* WORK ORDER *
Beneath this line are entries. Copy the range from the line with "Western Blot; Sample: Recombinant protein." to the line with "Western blotting analysis", ends included, exactly; leave pictures out.

* RECORDS SHOWN *
►
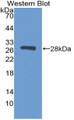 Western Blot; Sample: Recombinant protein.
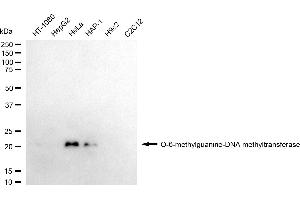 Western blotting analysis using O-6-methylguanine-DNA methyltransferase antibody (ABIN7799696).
◄
►
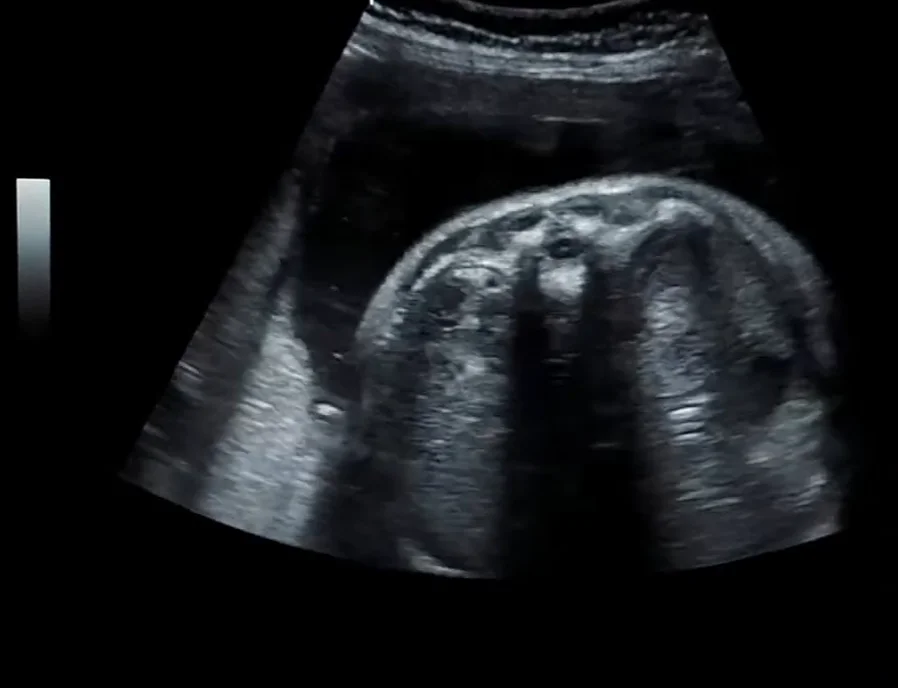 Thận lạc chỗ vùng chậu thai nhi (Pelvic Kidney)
◄
►
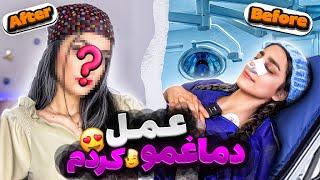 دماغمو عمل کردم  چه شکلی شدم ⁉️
◄
* RESPONSE TO THIS EXERCISE *
 Western Blot; Sample: Recombinant protein.
 Western blotting analysis using O-6-methylguanine-DNA methyltransferase antibody (ABIN7799696).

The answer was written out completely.